A boiled one revealed two yolks nestled together, crowded as identical twins sharing a sac.
As Lene left for her return flight to Denmark we said our "until next times" and "see you soons"avoiding the finality that is conjured by saying goodbye. She soon discovered that her flight to SFO, originating in Chicago, was iced in with no hope of its arriving in time for her connection to Copenhagen. We treated it as an opportunity for a fun bonus day together, allowing us to get in one more watercolour tutorial, dinner out and another family game of Play Nine. B, who shares his mother's lack of enthusiasm for card games (not including this one, which is quite fun), even enjoyed himself.

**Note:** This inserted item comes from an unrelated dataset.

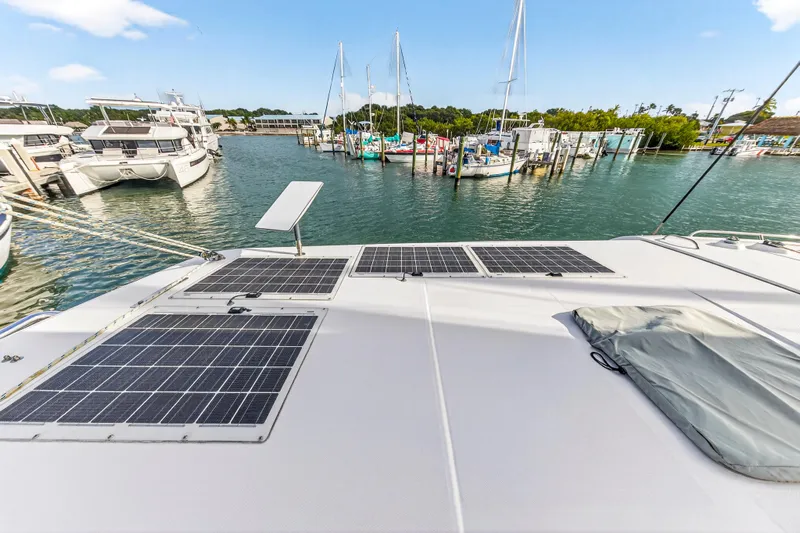  Yacht Photos Pics 2016 Leopard 44 Owners Version catamaran with solar panels docked in a marina.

Rocks were the subject of the day, starting with pebbles like you would find on a beach. Not quite done yet, but what a fun exercise. You wet a piece of paper, drop in four colours randomly on the page and let it dry. Next you use dark paint to outline the splotches of colour and turn each into a stone. Very relaxing, not unlike the meditative feeling we had using the colouring books M made for us for Christmas.
Next was a jumbo rock – a desert rock face, appropriate for our location. I added a teensy tree and a huge time lapse milky way.
Good thing these are indoor projects. We're getting frustrated with the high rainfall/low temperature patterns that have been happening over the past month here in the desert. The past six month's precipitation is almost what is seen in an average year!